KOMİSYON KONUŞMASI

MURAT EMİR (Ankara) - Sayın Başkan, tamam, çok teşekkür ederim.

Şimdi, şöyle: Ben orada çoğunlukçuluk ile çoğulculuğu anlatmaya çalışıyordum. Demokrasi tarihinden, İkinci Dünya Savaşı'ndan çok temel örneklerle bunu yapıyordum ama siz çoğunlukçuluğu her şey zannettiğiniz için o arada sözüm kesildi. Tutanaklara bakılabilir.

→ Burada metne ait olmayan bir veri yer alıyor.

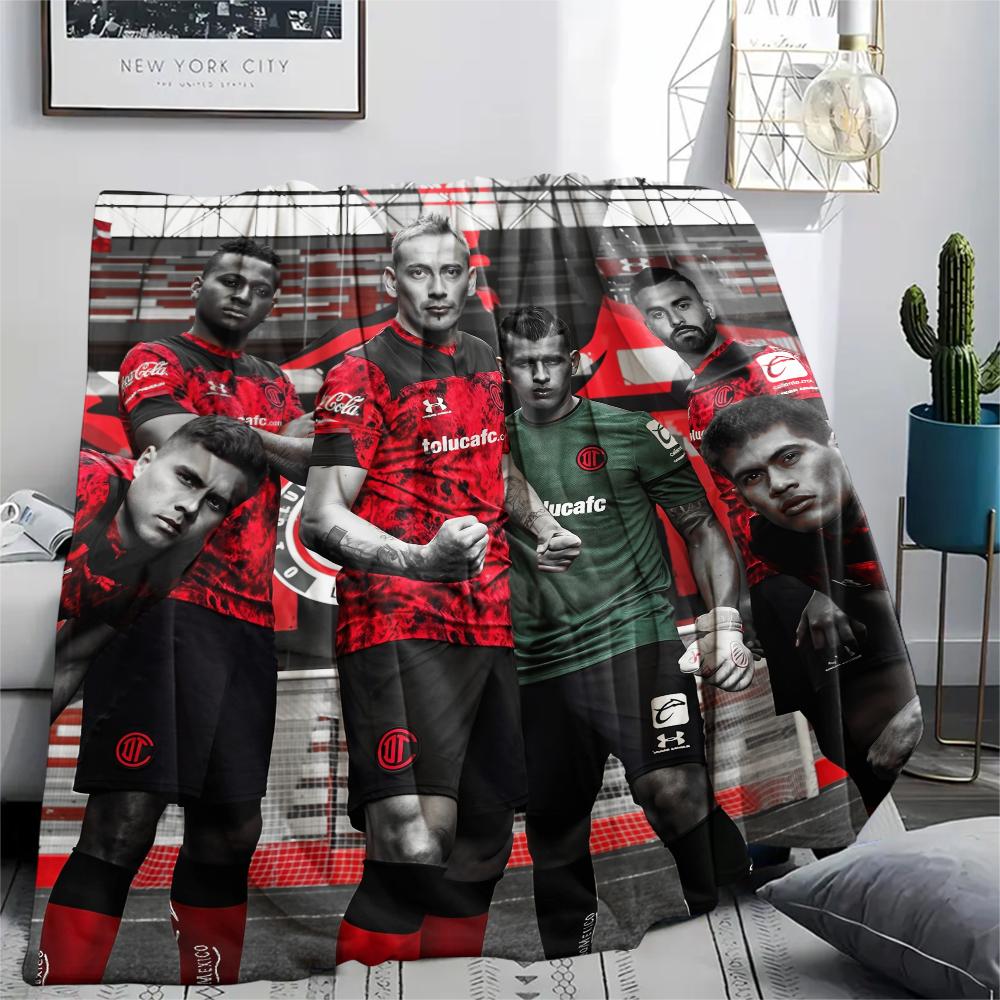 

Toluca FC pattern Flannel Blanket, High quality Comfortable for All Seasons, Home Decor, Warmth and Comfort, Perfect for Gifts. 80cm x 120cm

Bakın, çoğunlukçuluk, çoğunluğun her şeye muktedir olduğu, her şeyi yapabildiği, hukukla, demokrasiyle ve demokratik kurumlarla sınırlı olmadığı rejimin adıdır. Max Weber bunu tarif etmiştir; çoğunlukçulukta hukuk devleti yoktur, bağımsız medya yoktur. Örneği nedir? İkinci Dünya Savaşı'dır. Çoğunlukçulukta ne olur? Çoğunlukçulukta azınlıkların hakları olmaz. Kimlerin olmaz? Ermenilerin olmaz, Yahudilerin olmaz, soykırım yapılır. İşte, Sayın Eseyan'ın bu konuyu gündeme getirmiş olması aslında ironiktir. Çoğunlukçuluk ile çoğulculuk arasındaki farkı biliyor olması gerekir. Ben o zaman da aynısını söyledim şimdi de aynısını söylüyorum: Elbette milletin verdiği karara saygılıyız ama toplumların her zaman en doğru kararı vereceğini söyleyen düşünce çoğunlukçuluktur. O çoğunlukçu düşünce işte insanları fırınlara göndermiştir, Ermenilere soykırım yapmıştır dünyanın her yerinde, dünyadaki örnekleri için söylüyorum, dünyadaki insan hakları ihlalleri için söylüyorum, anlatabiliyor muyum. Dolayısıyla, buradaki çoğunlukçuluk ile çoğulculuk farkının altını çiziyorum. Her şeyi "Millet bize bu yetkiyi verdi, biz sadece milletten oy alıyorsak haklıyız."dır düşüncesinin yanlışlığını ifade ettim. Bağımsız yargının ve Meclisin de denetleme görevinin olduğunu anlatmaya çalışıyordum. Bu nedenle de bu sözü verdiğiniz için teşekkür ederim.